(Short web captions)
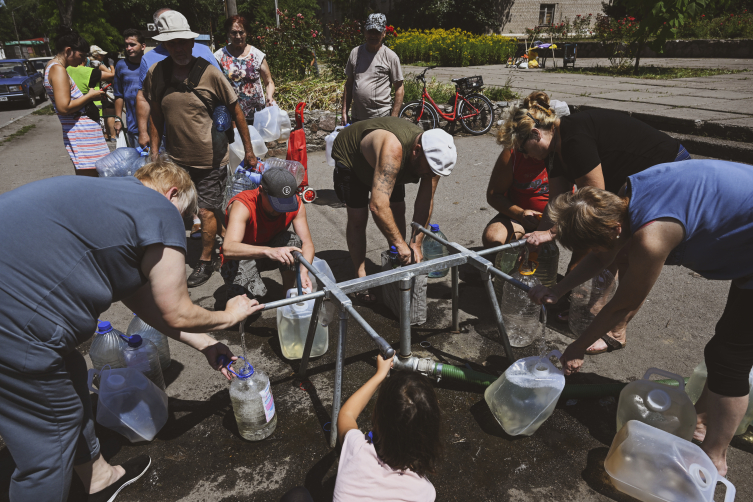 Ukrayna'daki Kahovka HES'in patlatılmasının ardından su sıkıntısı yaşanıyor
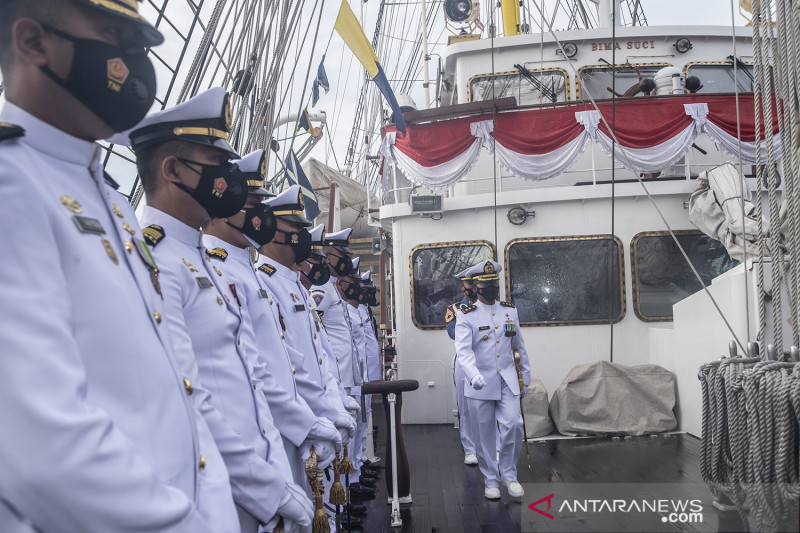 Upacara HUT Ke-76 TNI AL di KRI Bima Suci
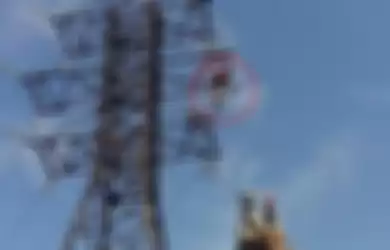 Nikolay Kompaniets (16) memanjat menara listrik bertegangan tinggi untuk mengambil selfie 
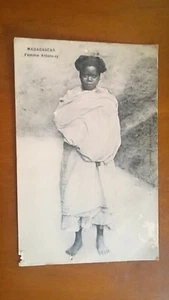 CPA - MADAGASCAR - Femme Antanosy - Imagen 1 de 2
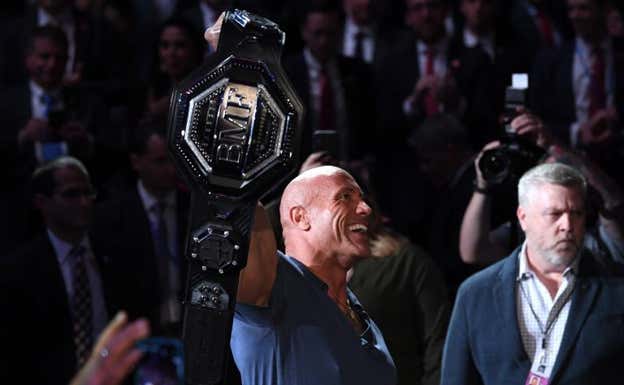 The Rock, con el cinturón BMF en el UFC 244. UFC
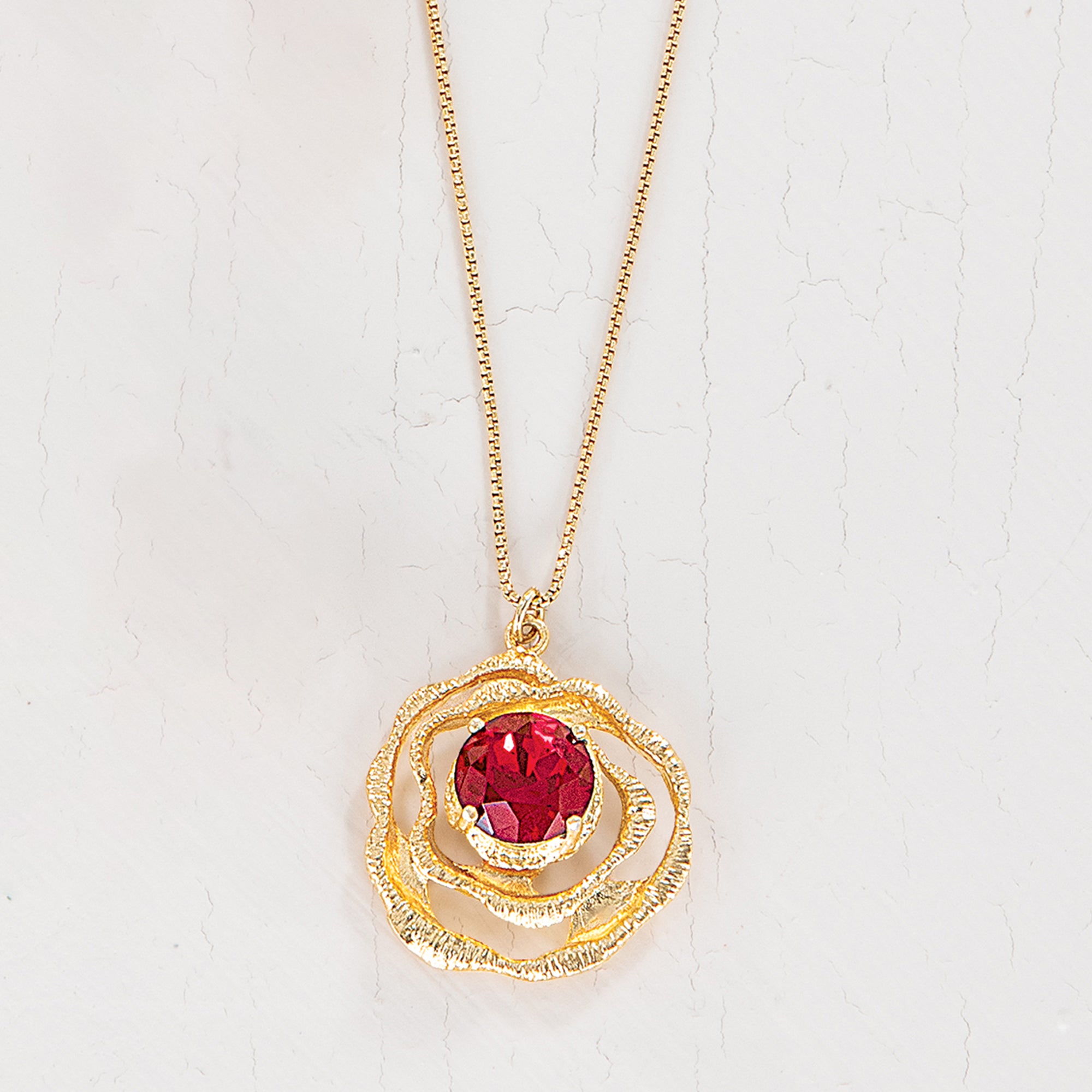 Sparkling Garnet Crystal Pendant Necklace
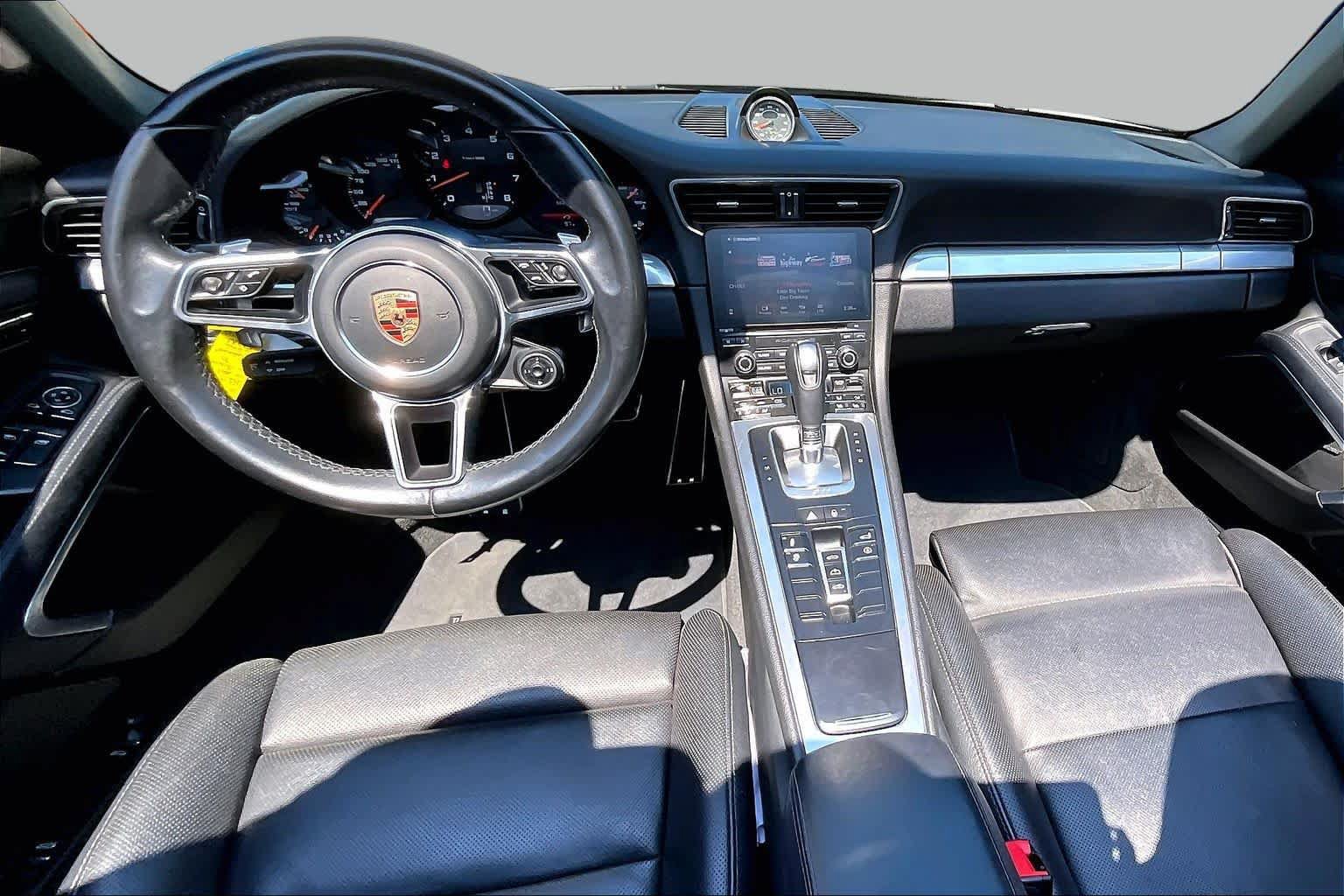 Used 2017 Porsche 911 Carrera RWD image 14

> **Task to carry out**: With no pictures included, write out the entries exactly.

> **Response for this exercise**:
 Ukrayna'daki Kahovka HES'in patlatılmasının ardından su sıkıntısı yaşanıyor
 Upacara HUT Ke-76 TNI AL di KRI Bima Suci
 Nikolay Kompaniets (16) memanjat menara listrik bertegangan tinggi untuk mengambil selfie 
 CPA - MADAGASCAR - Femme Antanosy - Imagen 1 de 2
 The Rock, con el cinturón BMF en el UFC 244. UFC
 Sparkling Garnet Crystal Pendant Necklace
 Used 2017 Porsche 911 Carrera RWD image 14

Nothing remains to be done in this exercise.